Monkeypatching in a library like fastcore that many other people use is really
bad. All sorts of bugs and incompatibilities will happen down the road, as
software becomes dependent on your monkeypatch without anyone realizing it.

------
bonoboTP
Too clever, too much magic. I remember I used to create such things in my
projects in my earlier days as a dev and was quite proud of how compact things
were and how much I understand my way around the language that I was able to
come up with it. But at the end of the day, these things have a much higher
price than it seems at first. Sparing a few lines here and there is not worth
confusing your code's readers or yourself in a year. Standard established
"pythonic" solutions are preferable.

Some are nice functions, I guess all of us have our collection of utils that
we carry around projects and it's certainly nice to have some of them
collected in an installable library. But I'd prefer to have them separately in
small, separately installable modules, similar to "more_itertools".

delegates: Maybe it's useful for auto-completion in notebooks.

store_attr(): Too confusing.

Avoiding subclassing boilerplate: don't, it's too confusing. Type dispatch:
perhaps, but I think isinstance is okay too.

A better version of functools.partial: Ok, docstring is kept. Could be even
changed in the standard library.

Composition of functions: Okay, could be an addition to functools in the
standard library.

A more useful __repr__: Good.

Monkey Patching With A Decorator: Please don't.

A better pathlib.Path: I don't think loading pickle should be a method of Path
objects. I already dislike pathlib putting read_text as a method of Path. Why
not Path.read_jpeg_image()? Path.save_mp4_video() etc. Also don't monkey patch
Path please.

Self: too confusing, little upside to it. It makes things look like the
function is being called, while actually only a lambda is produced. Too much
magic.

in_notebook(), in_colab(), in_ipython: Useful.

The L list: the numpy style indexing is nice, but you may as well create a
numpy array.

------
kristjansson
Fastai/Fastcore are fascinating in their emphasis on interactive computing in
notebooks. I think that starting from the assumption that users will be

(a) primarily using the abstractions in this library interactively

(b) to do analysis, or experiment with many different implementations of
similar functions

(c) in long-lived sessions where re-running to the same point may be expensive
in time or compute, or impossible due dependence on cell execution order etc.

makes their design choices make more sense to me.

Lots of the functionality identified here sort of nice if you're in a
traditional environment, but imperative if you're in (or writing for users in)
a notebook environment. For example, the emphasis on preserving propagating
signature information in function objects themselves makes sense if you're
relying on `inspect` to provide IDE-like autocompletion. The emphasis on easy
monkey-patching and psuedo-generics makes sense if you're interactively
working with classes in modules you don't control, or can't cleanly reimport.

Not only that, fastai/fastcore themselves are written in Jupyter notebooks via
their literate programming environment nbdev [1]!
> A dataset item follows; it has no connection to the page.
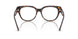 5002 - Tortoise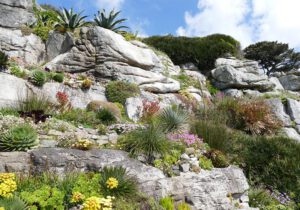 Gartenreise England - Cornwall 2023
I don't know that there's a point here beyond a bit of begrudging admiration
for how far they've pushed the notebook platform. It makes for a library (and
a Python) that looks and feels just a few degrees off-axis from much of the
rest of the ecosystem...

[1]: [https://nbdev.fast.ai](https://nbdev.fast.ai)

------
lacker
This library reminds me of fast.ai itself. It’s cool how you can do so many
things with a few lines of code, and I was impressed the first couple times I
used it. Over time, I started to run into problems when I wanted to do
something beyond the initial demo. Many parameters are undocumented, functions
do something automatically that’s often nice but there’s no clear way to undo
it, and side effects are scattered about. I would prefer code that was
slightly longer, but simpler and more pythonic.

------
Galanwe
Not sure if this is an elaborate prank or a real attempts at making Python
more Java like.

I stopped reading when the author suggests using

class NewParent(ParentClass, metaclass=PrePostInitMeta): def
__pre_init__(self, _args,_ *kwargs): super().__init__()

------
pryelluw
Longtime pythonista and co-organizer of PyATL here. I appreciate the goals of
the library and understand the points being made in the code. There are
certain things that python has acquired over time that are not as nice as they
could be. Or maybe we can say that momentum to improve them reduces over time.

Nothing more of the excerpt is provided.